Pour plus de lisibilité, les recherches en psychologie s’accordent à repérer 3 grands moments dans lesquels vont s’inscrire ou non les différentes étapes citées ci-dessus :

1. L’état de choc, de sidération, de déni, de colère, de recherche

L’annonce d’un décès est un choc, une perte. La sidération (absence apparente de réaction, réactions automatiques), le refus d’y croire ou à l’inverse le comportement de recherche (rechercher l’être disparu, sa présence, des objets qui font penser à lui), la colère, sont autant de comportements qui font partie de ce choc de l’annonce. Le monde s’est arrêté de tourner, le temps n’existe plus… L’incrédulité traduit le déni défensif. La personne se trouve brutalement plongée dans un état de torpeur, d’engourdissement, dans lequel elle continue à vivre et à agir, mais de façon automatique.

Cette période est inconstante : elle dure en général de quelques heures à quelques jours, exceptionnellement plus d’une semaine. C’est une façon qu’à notre corps de se protéger du tsunami émotionnel lié à la perte.

Lorsqu’il s’agit de mort violente, accidentelle, la part du déni est plus grande encore et rapidement, une phase de colère peut se mettre en place (non acceptation).

Lorsque le décès survient à l’issue d’un long accompagnement, la part de déni peut également y être présente. L’annonce bouleverse bien au-delà de la perte. Elle bouleverse l’organisation mise en place autour et avec le malade, les habitudes de vie prises autour du malade. Elle laisse les proches, vides et désemparés. La colère peut être également présente car l’accompagnant peut avoir espéré jusqu’au bout un miracle, une guérison, avoir prier pour cela et se mettre en colère contre Dieu. Mais cette phase peut aussi ne pas exister, car le principe de réalité, une conscience accrue de l’état du malade, de sa souffrance, savoir qu’il va rejoindre son Seigneur (…) peut avoir préparé le proche à la future séparation. La douleur n’en est pas moins grande, mais, la colère n’y a finalement pas sa place.
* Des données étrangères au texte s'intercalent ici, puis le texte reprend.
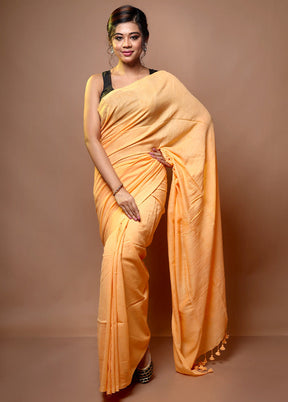 Peach Mul Cotton Saree Without Blouse Piece - Indian Silk House Agencies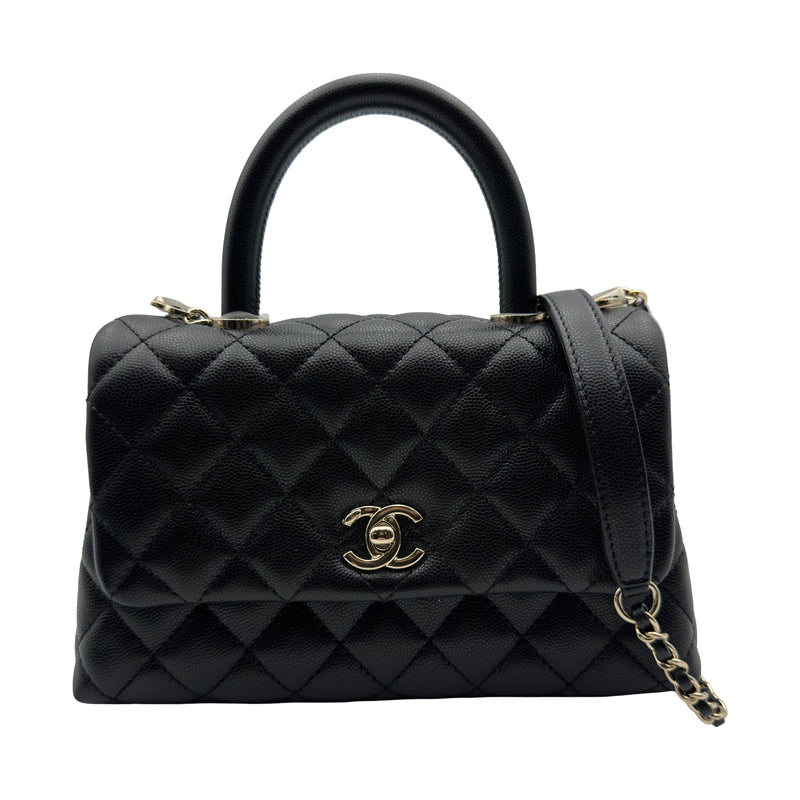 CHANEL キャビアスキン ハンドバッグ ココマーク シャネル CHANEL ココハンドル XS A92990 ブラック ゴールド金具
Une fois encore, il s’agit de réactions personnelles, liées à l’histoire et au caractère de chacun.

Le vide qui s’installe lors de la perte de l’être cher, pousse chacun à le rechercher. Cette période triste peut être angoissante. La perte signifie ne plus entendre sa voix, avoir peur d’oublier les traits du visage, son odeur… Les repères s’estompent. C’est pourquoi, certains gardent les habitudes de vie de l’autre, comme refuge, sécurité, repère.

2. L’expression du chagrin du deuil

La deuxième phase est souvent la plus longue du travail de deuil ; on parle d’un état dépressif réactionnel dans lequel on prend conscience de la réalité. On peut avoir des troubles alimentaires ou du sommeil (sur le plan corporel), des difficultés à être attentif, à réfléchir, à se concentrer (sur le plan intellectuel) et une humeur sombre (sur le plan affectif).

C’est une période où il est important que chacun puisse parler, se rappeler et prier.

La parole permet aussi de se remémorer de bons souvenirs. Il n’est pas rare, à l’issue des obsèques, quand les proches se réunissent, de passer des larmes au rire. La mise en « mots » commence souvent à ce moment-là et fait partie du travail de deuil.

Puis la vie reprend son cours. Commence alors pour les proches, une phase de profonde tristesse qui intervient à distance du décès, lorsque la vie de son entourage, si présent au moment du drame, a repris son rythme quotidien, alors que le rythme de la personne endeuillée est toujours au ralenti. 

C’est une étape très difficile, car la souffrance y est très forte, exacerbée par le sentiment que les autres ne comprennent rien à cette détresse. Les émotions y sont très vives et sont en étroite relation avec le vécu. Un sentiment de solitude peut alors être très présent.

3. L’achèvement du travail du deuil

La dernière phase est l’acceptation de la perte du proche : on peut alors de nouveau en parler sans s’effondrer en larmes. On a cessé d’idéaliser la personne disparue. On sort de l’état dépressif réactionnel. On peut de nouveau profiter de la vie sans culpabiliser…

L’être aimé n’est pas oublié, mais progressivement, il y a une acceptation de son absence.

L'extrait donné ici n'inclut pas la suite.